We've been all Hurricane Larry for some time now. Rightfully so, because ol' Lazza was one heck of a storm -- the likes of which we may never get again.
Larry faded away earlier this week after it was done with the UK and Ireland. We'll be raising a glass in its honour this evening. But just look at Larry's path. From West Africa, all the way up to Greeland. If the term 'boomeranging' didn't mean anything to you, maybe it will now thanks to this handy graphic. (the technical term is recurve, but it just sounds so dry, no?)
And of course, there's the fact Larry sent swell to the UK and Ireland when it was a hurricane. Not the dregs of one, like they usually get, but a full-on, wind-laden, gusty bad boy. That's what created the surf on Tuesday and Wednesday of this week.
Anyway, to really get into how spectacular Larry was, MSW forecaster Tony Butt broke it all down: "Larry started off as a tropical wave depression that moved off the coast of West Africa around 29th August. It quickly intensified, becoming a tropical depression on 31st August, a tropical storm on 1st September and a hurricane by 2nd September, reaching Category-3 on the Saffir-Simpson Scale.
"Over the next few days it tracked westwards, gradually arcing around to the west-northwest and expanding into a large system covering a wide area. Around Friday 10th September it turned towards the northeast and accelerated, crossing Newfoundland on Saturday 11th and then moving out into the open Atlantic as a post-tropical storm.

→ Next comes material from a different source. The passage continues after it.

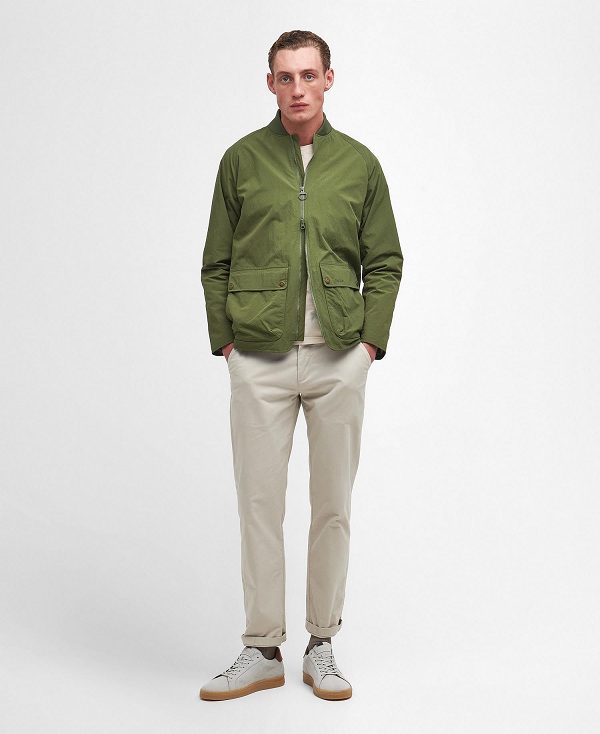 Barbour Beaumont Showerproof Jacket Palm Green | BABO87443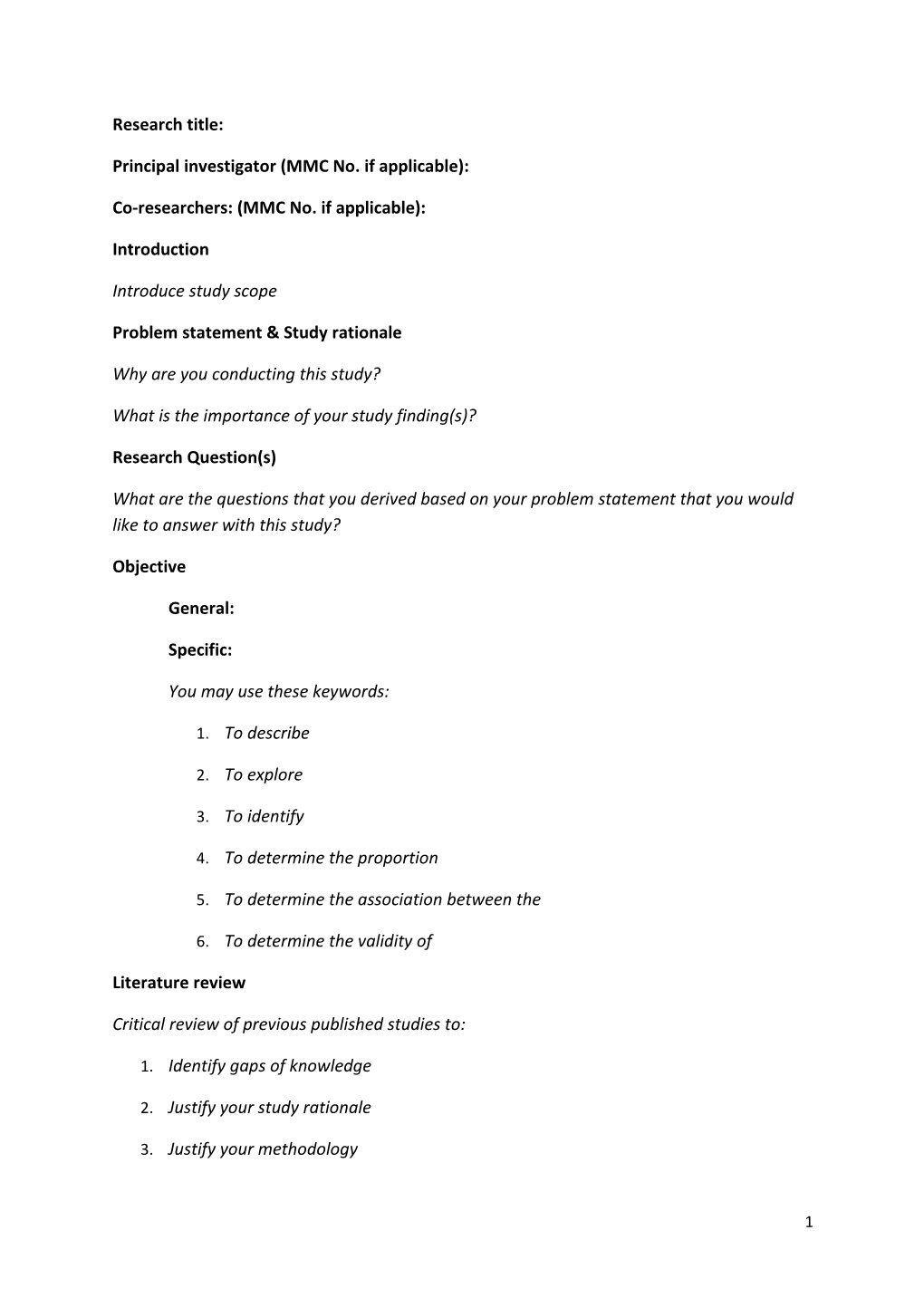 Research Proposal Template s1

"The westerly movement of the system between 4th and 9th September, combined with the unusually large area of hurricane-force winds on its northern flank generated a pulse of large, long-period swell that produced several days of good surf on the East Coast of the U.S. and Canada. The storm itself arced around to the northeast a considerable distance from the coast, so it didn’t directly affect local conditions.
"Then, around 10th September, while it was just south of Newfoundland, Larry was still a Category-1 hurricane, with a large area of extremely strong winds on its southern flank. This spat out a pulse of swell that spread out across the Atlantic, hitting westerly exposures on Monday 13th with unusually long periods of well over 20 secs."
And there we have it, we may not see a Larry for some time, so join us in saluting him out.